It’s too bad that Tanenhaus can’t kill a few birds (or, in this case, far too many priapic dryads) with one stone.

Brownie Point: DENIED!


We’re pleased to see Zoe Heller covering Saturday, even if the review is meekly critical and the interview with Cynthia Ozick she quotes comes from Robert Birnbaum and she (or perhaps Tanenhaus) doesn’t even acknowledge the source. (Besides, it’s not like Tanenhaus would ever reveal that there’s this thoughtful literary guy on the Net named Robert Birnbaum who is providing better interviews than most newspapers.)

Does the world really need another essay from blowhard Joe Queenan? Queenan demonstrates yet again that he is neither particularly witty nor terribly original. Having Queenan complain about ghostwritten books is a bit like watching cheap paint dry on a wall. One yearns to see the paint do something unpredictable, such as fly through the air or disappear from one’s visual plane. But alas, the paint will do nothing but dry and the senses will deaden. If Tanenhaus believes that Queenan is the quintessential hatchet man, with his self-important asides (“Either way, I think the American people need to know.”) and rampant generalizations (“…ghostwriters are by nature timid, diplomatic, gun-shy.”), then I urge Mr. Tanenhaus to reread the collected works of H.L. Mencken and discover what real shitstorming is all about. Hell, even some old school Jimmy Breslin. The Gray Lady’s continued employment of Joe Queenan is an embarassment to all of the muckrakers and wiseasses who have ever composed for newspapers. It is about as far removed from a quirky pair-up as one can get.
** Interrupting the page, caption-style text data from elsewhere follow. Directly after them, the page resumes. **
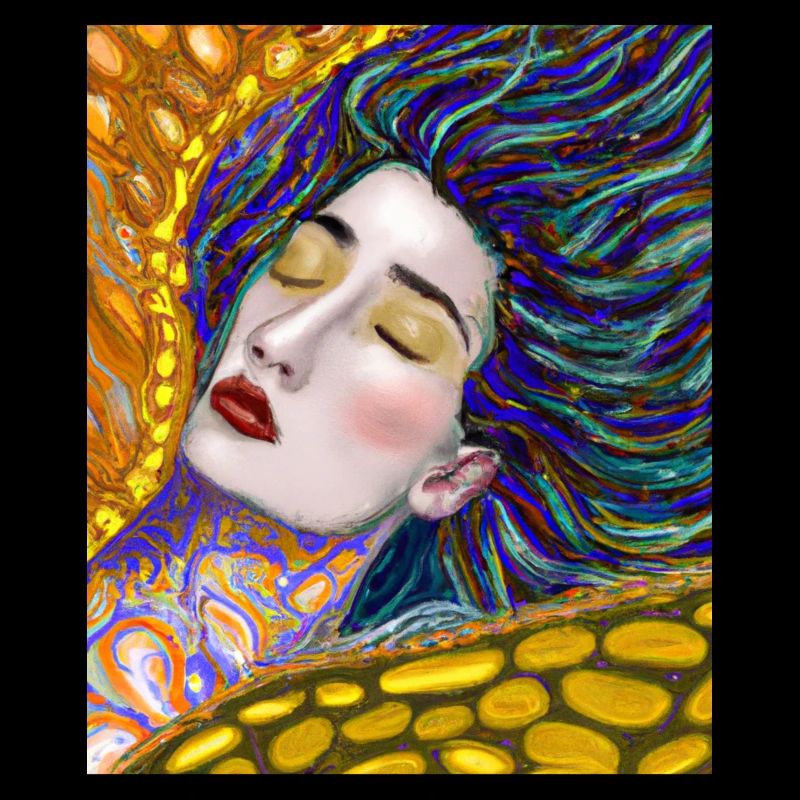 Portrait de sirène Gustav Klimt Style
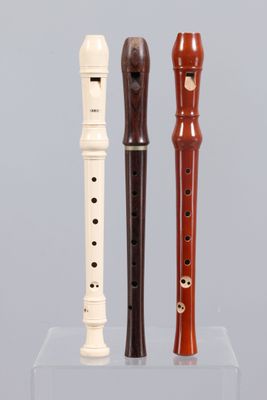 three different types of musical instruments on display on a clear surface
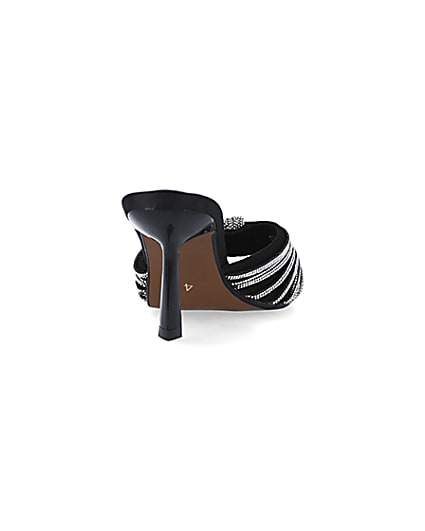 360 degree animation of product Black embellished heeled mule shoes frame-10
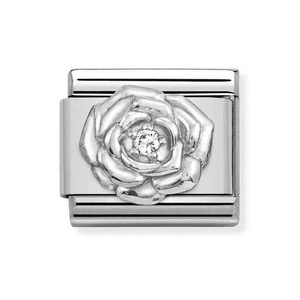 Classic Silver Zirconia Rose Charm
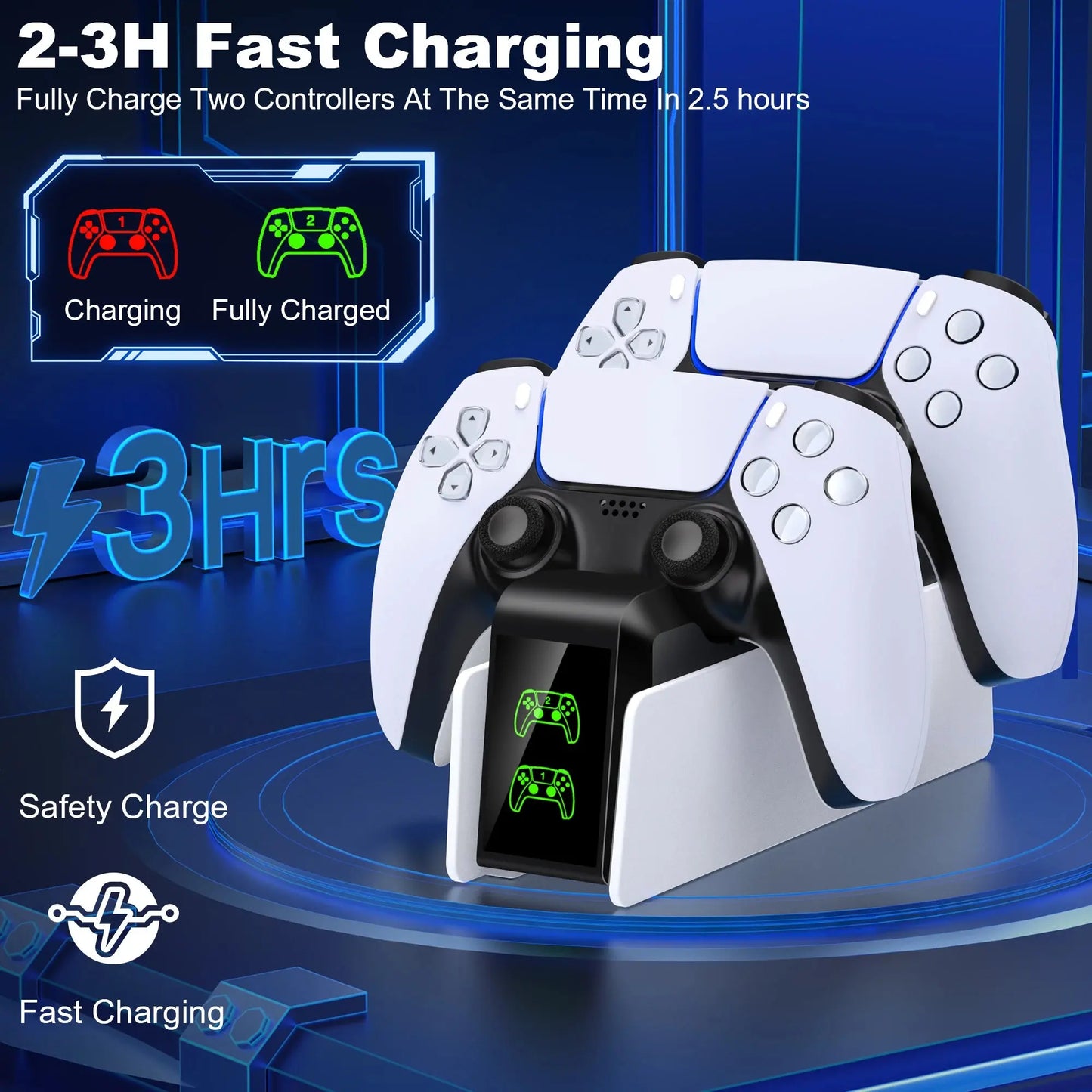 For PS5 Controller Charger DualSense Charging Station Dual Charging Dock Charger Stand for PlayStation5 Wireless Game Controller Klick & Snap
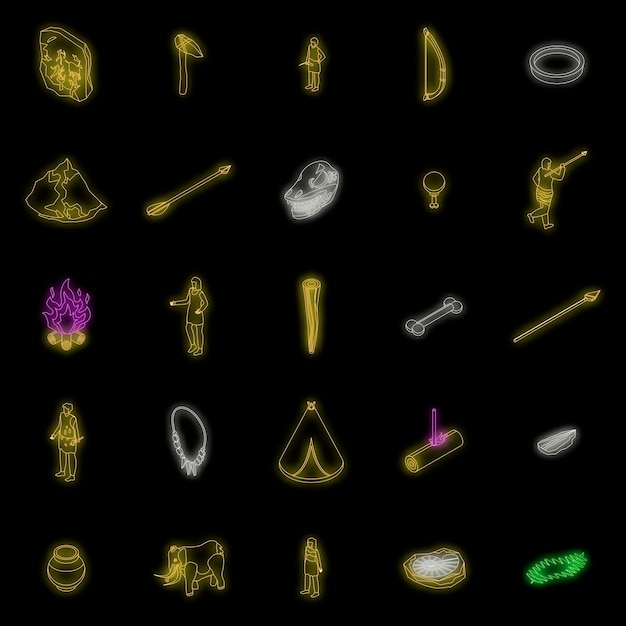 Vector stone age icons set vector neon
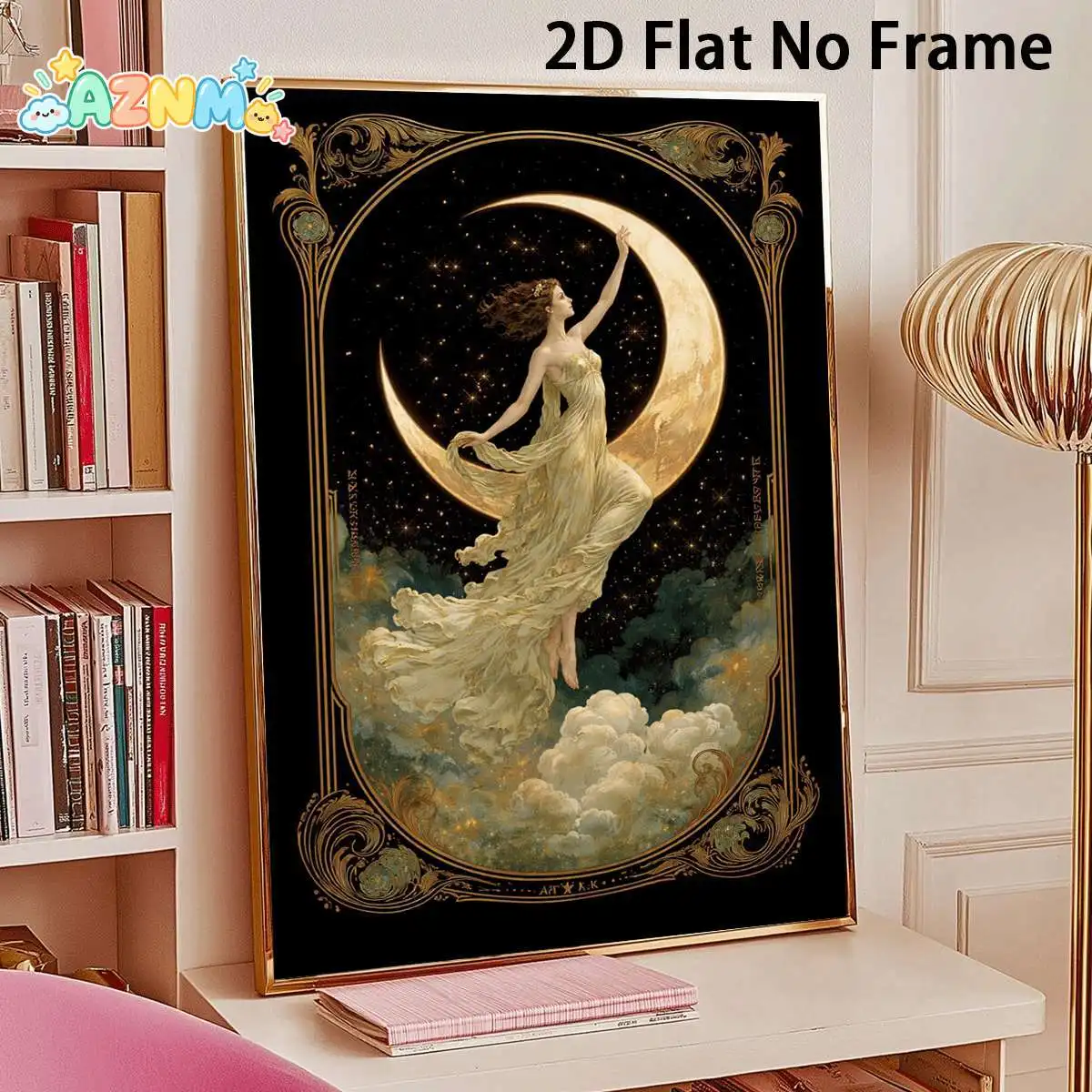 2D Flat, 1pc 2D Flat Prints Moon Goddess Art Prints Art Nouveau Style Wall Decor Unframed Canvas Printing Home Decoration Sui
(And for that matter, a far more focused and succinct essay on ghostwriting can be found on the back page by Sarah Lyall. Lyall, unlike Queenan, lets her subject speak for herself and actually allows the reader to form his own judgments. Go figure. Even so, what are two essays about ghostwriting doing in the same review section?)

We have nothing else to say, but…

Brownie Point: DENIED!


Despite our overall disappointment with this week’s flat coverage, we did enjoy Neil Genzlinger’s comparative review on Hollywood, particularly the interesting suggestion of the movie consumer being irrelevant. And John Leonard doesn’t quite hit the nail on the head with his Disneywar review, but comes close.

We’re extremely confused by the Teutonic capitalization (or lack thereof) of Rip “van” Winkle. Before being appropriated by Washington Irving (and earning the “Rip Van Winkle” name), we understand that it came from a Norse folktale called “The Goatherd.” Sure, we’ve seen some editions lower-case the V. But most people understand that there’s a difference between “Van” and “von.”

Jack Shafer raises a few interesting points on New New Journalism, criticizing Robert S. Boynton quite rightly for trying to lump today’s journalists in a wide net. But he fails to factor in the influence of the Internet or, for that matter, how the endless publication of memoirs and the popularity of reality TV may have affected current journalism.


Brownie Points Denied: 3 (a new record!)



  1. The Hollywood theme was, in fact, very interesting, and it was nice to see some belated attention for Bogdanovich’s book. On the other hand, it might have been a bit more relevant had it run back when they held the Oscars and Hollywood was actively on everybody’s mind.